Je me souviens d’un titre du Parisien, il y a 5 ou 6 ans : “Marre de cet hiver qui n’en finit pas”. Je me suis dit “mais c’est quoi ce truc” : la neige et le froid en hiver, c’est normal et c’est tant mieux. Ce genre d’article, c’est presque du populisme. Voir un papier comme ça dans un journal de cet acabit, c’est vraiment inquiétant.
D’ailleurs, je ne suis pas très confiant dans les médias traditionnels pour traiter des sujets environnementaux. Il y a des enjeux économiques tellement forts derrière….
Comment sensibiliser plus largement alors ?
Tikographie n’est qu’une des branches d’un projet plus large. Parallèlement au média, je développe aussi Sens9. Nous souhaitons sensibiliser aux questions environnementales en entreprises à travers le coaching.
On passe par une mise en condition psychologique. Il faut d’abord identifier nos propres biais cognitifs pour permettre la prise de conscience.
Par exemple, nous avons tous tendance à choisir des sources d’information qui vont confirmer ce que l’on sait ou ce que l’on croit. Quand on réalise que l’on est peut-être prisonnier de nos propres croyances, on peut à ce moment là prendre du recul et analyser nos réactions « épidermiques » sur certains sujets.
Et comment est-ce que tu fais pour ne pas rester enfermé dans ta bulle de filtre ? Comment est-ce que tu appliques ce que tu préconises ?
Lorsque j’écris pour Tikographie, j’essaye d’aller à la rencontre de femmes et d’hommes qui ont des approches différentes d’un sujet. J’essaye de me confronter à la divergence d’opinions.
Par ailleurs, dans le cadre de Sens9, nous sommes en train d’écrire un livre qui regroupe une série d’entretiens d’acteurs engagés sur le territoire, mais, avec des profils vraiment très hétérogènes.
Sortir de sa bulle, ça demande un effort, c’est une démarche proactive.
Et pour conclure cet entretien, quels sont tes projets pour 2021 ?
J’ai mentionné les deux branches du projet global, à savoir Sens9 et Tikographie. Nous avons aussi monté une association “Par ici la Résilience” qui organise des événements pour rencontrer des acteurs locaux du changement.
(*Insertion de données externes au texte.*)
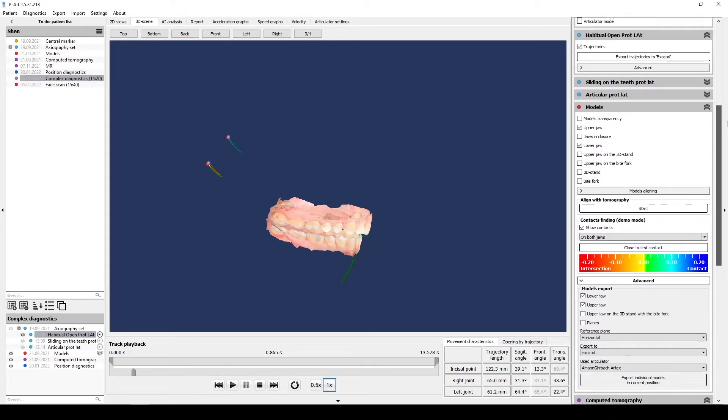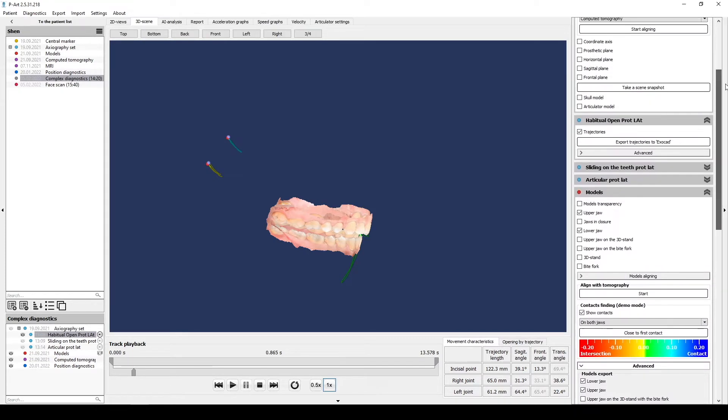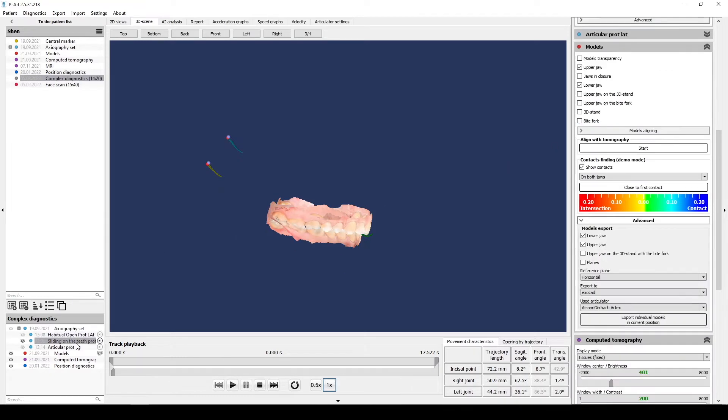The next step you can export Axiography trajectories. For that you need to find section with Axiography in the right menu. They are marked with a blue circle.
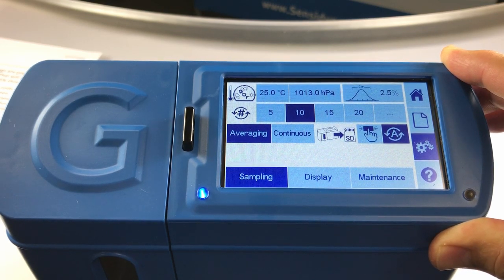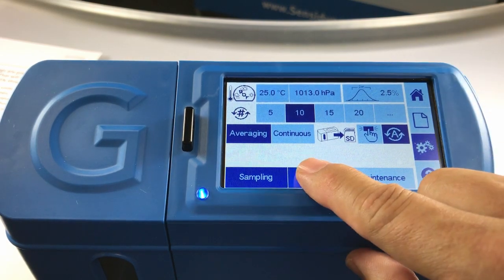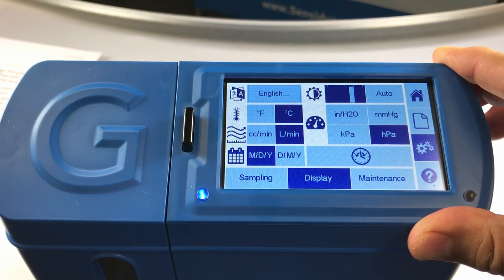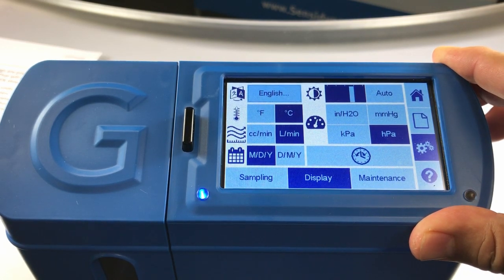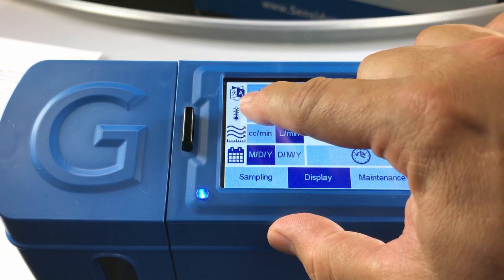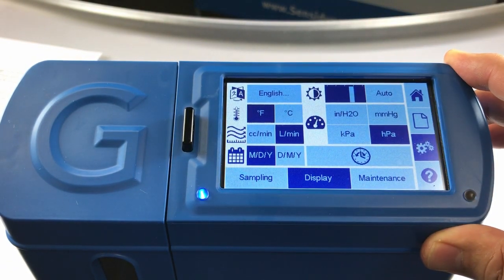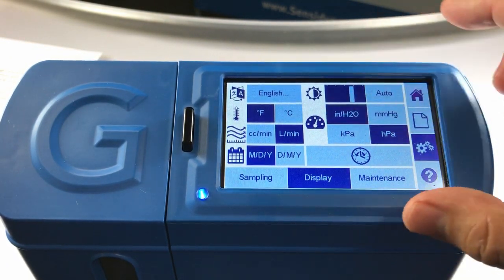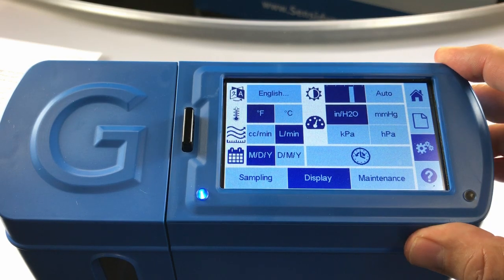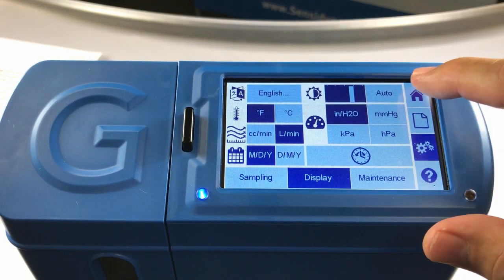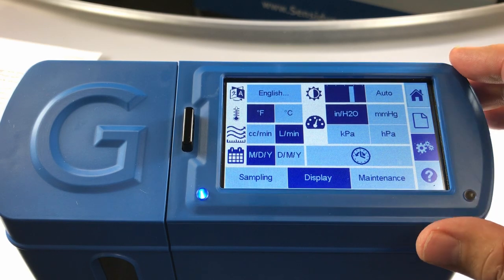Additionally I want to configure some of the units of measurement, so I will open my display screen. From here I'm going to change my degrees Celsius to degrees Fahrenheit, and I'm also going to change my hectopascals to inches of water. I can then touch my home screen button to return to the home screen.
Le challenge pour 2021, c’est d’arriver à trouver le juste équilibre entre les trois branches qui participent chacune à l’objectif final.
Je suis aussi à la recherche d’un format plus narratif pour raconter le territoire et les défis qu’il va devoir relever dans les prochaines années. Je ne veux pas jouer sur la peur, mais je ne veux pas non plus encourager le déni. Encore une fois, il faut trouver le juste équilibre.
Par exemple, dans le cadre de « Par ici la résilience », j’anime des fresques du climat. Je trouve ce format très intéressant puisqu’il permet une prise de conscience itérative des conséquences de l’action humaine sur tous les écosystèmes.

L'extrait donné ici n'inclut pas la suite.